Pour les curieux, le serveur: Pour les disques https://diskprices.fr/ Disque principal - nvme FIKWOT FN955 2TB NZXT H6 Flow | CC-H61FB-01 | - https://www.amazon.fr/dp/B0C89FCDFP MSI B760 Gaming Plus - https://www.amazon.fr/dp/B0BZD3BMZL CPU Intel® Core™ i5-12400F - https://www.amazon.fr/dp/B09MDFH5HY 32GO DDR5 GPU - Leboncoin - RTX 3090 FE > (les FE ont un meilleur système de refroidissement)

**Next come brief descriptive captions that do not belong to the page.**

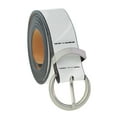 thumbnail image 2 of NYFASHION101 Women's Bonded Leather Thick Dressy Belt with Round Steel Buckle, White, Small, 2 of 4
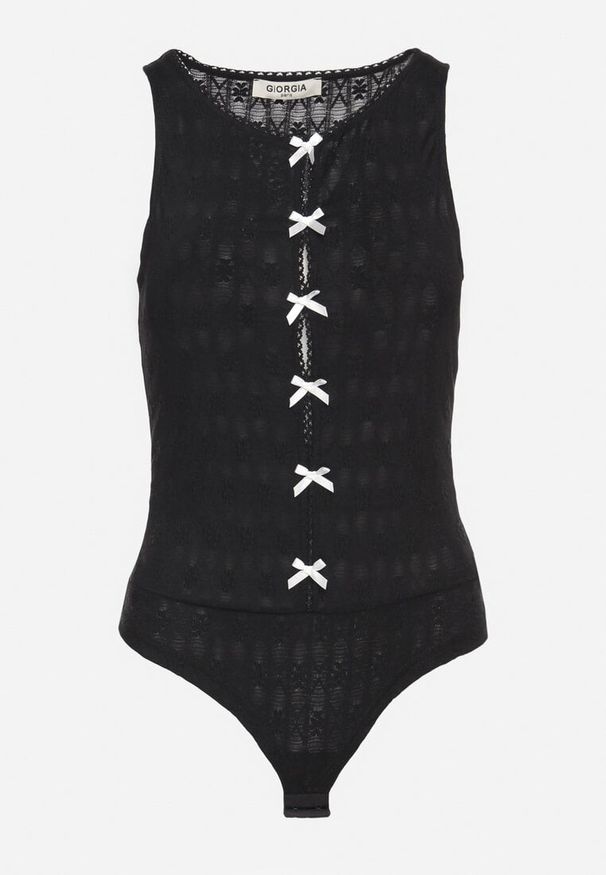 Born2be - Czarne Body Ozdobione Kokardkami Ovilene. Okazja: na co dzień. Typ kołnierza: kokarda. Kolor: czarny. Materiał: jeans. Wzór: aplikacja. Styl: klasyczny, casual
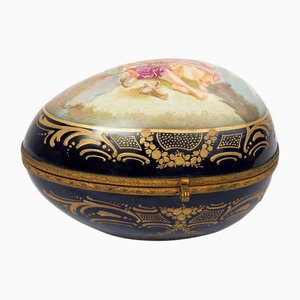 Antike Napoleon III Schmuckschatulle aus Polychromem Sevres Porzellan von E. Froger, Frankreich, 19. Jh.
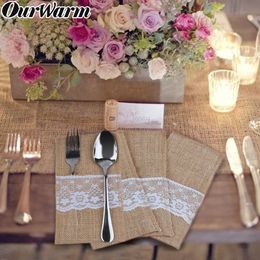 OurWarm 10Pcs Burlap Lace Cutlery Pouch Rustic Wedding Tableware Knife Fork Holder Bag Hessian Jute Table Decoration Accessories C0125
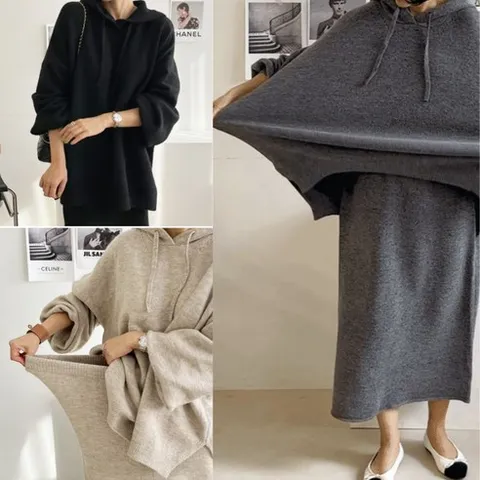 하루랩 니트세트 니트상하복 빅사이즈 투피스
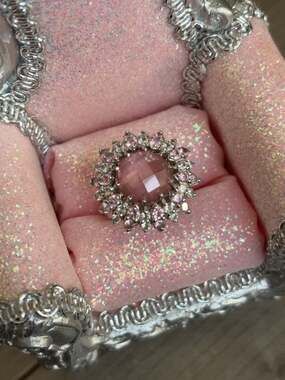 Vintage Art Deco Pink Topaz CZ Ring: Sterling Silver Cluster, Size 7.25 RG 3509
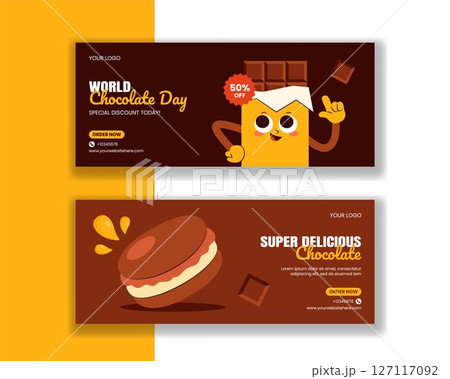 Hand-Drawn Flat Cartoon Background for World Chocolate Day Social Media Banner Promotion 127117092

1: Installation de proxmox:

Paramètres BIOS : UEFI Primary Display = Integrated Graphics Intel Virtualization Technology (VT-x) = Enabled Intel VT-d = Enabled

Pour installer proxmox: https://www.proxmox.com/en/downloads/proxmox-virtual-environment/iso

On utilise balena etcher https://etcher.balena.io/ pour flasher la clé usb.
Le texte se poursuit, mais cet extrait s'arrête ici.